Directed by Ilya Naishuller

Starring Bob Odenkirk, Connie Nielson, and Aleksei Serebryakov
​
​Review by Jon Kissel
Picture

After an outpouring of support following a 2021 heart attack revealed him to be one of the culture’s most beloved figures, Bob Odenkirk is primed to move forward into the next logical phase of his career.  The pioneering sketch comedian turned compelling dramatic actor goes the Liam Neeson route in Nobody, staking out the next decade as one that will put Odenkirk in plenty of old-man action flicks once Better Call Saul wraps up next year.  Produced by David Leitch of John Wick fame and directed by Ilya Naishuller, Nobody recapitulates the John Wick arc of a retired violence-dealer brought back into action when his home is invaded.  Odenkirk’s a better actor than Keanu Reeves, but not as fluid a physical presence.  Nobody could’ve leaned into that distinction but the lure of mowing through goons is too tempting to pass up.  After Wick films ran out my personal bloodlust two entries ago, middle-aged white-guy brutality has run out its thread.
Odenkirk plays Hutch Mansell, a man in various stages of emasculation.  His wife (Connie Nielson) is present, at best, in the home he shares with a teenage son (Gage Monroe) in the full throes of adolescent rebellion and a younger daughter.  His brawny father-in-law (Michael Ironside) runs the fabrication company he’s employed at in a banal office job, and his equally brawny brother-in-law has open contempt for Hutch.  His father (Christopher Lloyd) languishes in nursing home that Hutch regularly visits, though they don’t have much to say to each other.  He’s punching time at work as much as he’s punching time in his life, a joyless expression of routine communicated in an effective montage.  Hutch is given the chance to wake up from his drudgery by a pair of home invaders looking for cash and valuables, and though he skillfully gets the drop on them, he chooses not to act and perhaps escalate the situation, which only further marks him as less of a man in the eyes of everyone around him.  The exception is his daughter, the only uncomplicated relationship in his life.  She’s pretty sure the robbers grabbed one of her bracelets, which sets Hutch out into the world to track the robbers down.
​
Nobody provides Odenkirk with a Walter White-esque journey in its first act, fitting with Odenkirk’s prominent place in the Breaking Bad universe.  Writer Derek Kolstad, who’s penned each John Wick movie, takes his time building all of Hutch’s frayed relationships and the indignities, real or perceived, that he endures.  The film is best here in its shorthand about what’s expected from the American man.  Huge numbers of Americans take the bus everyday, but the implication when Hutch does is that of a supplicant.  Real men sit in traffic listening to classic rock.  The break-in concludes with the cops openly wondering why Hutch didn’t murder two people in his home, a comment that would be on-the-nose if it weren’t exactly what I imagine plenty of cops, having sat through their killology classes, would ask.  Odenkirk is an excellent vessel for all these slights, his stoop-shouldered posture weighted down by domestic expectations.
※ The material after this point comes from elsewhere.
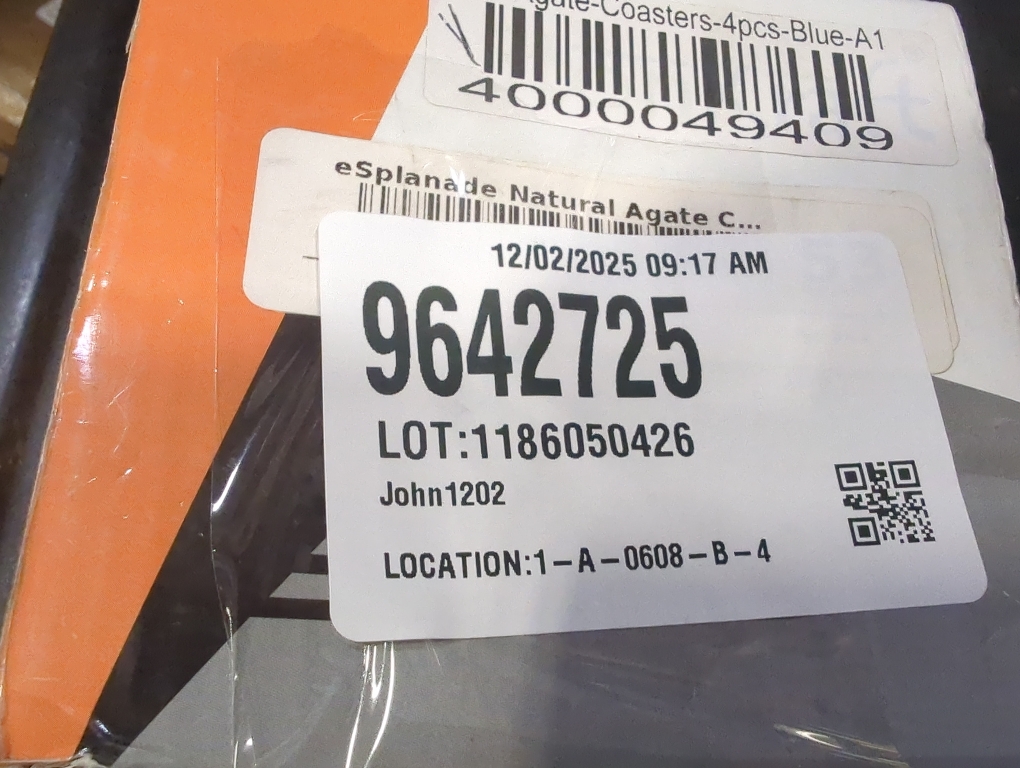 Set of 4 Color Blue Blue Agate Coasters Set of 4,Brazilian Geode Coasters for Drinks with Gold Rim(4-3.5),Natural Gem Stone Coasters Blue,Gemstone Cup Mat for Home Decor by Yougoals(4)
However, this is not a film that was made as an exploration of 21st century maleness.  One of those bus rides, shared by Hutch, a young woman, and a gang of handsy besuited Russians, is the final straw.  Windows are broken, handrails are removed, and violence is meted out.  One of those Russians has a powerful father (Aleksei Serebryakov) and that’s the rest of Nobody.  When the film inevitably gives itself over to the able stunt work of the John Wick school, something gets lost.  Odenkirk proves to be a skilled physical actor, the Mankind to Reeves’ John Cena or some other athletic wrestler.  He takes lots of punishment and deals more.  However, Naishuller doesn’t have the chops of Leitch, whose best work was in Atomic Blonde.  The bus fight provides a perfunctory amount of hand-to-hand, anything-goes fighting, but things quickly devolve into sloppy gun-kata whose appeal rests on how cool one thinks guns are.  If the answer to that is not much, the conclusion becomes a deadening high-body-count slog and the film loses all its interest.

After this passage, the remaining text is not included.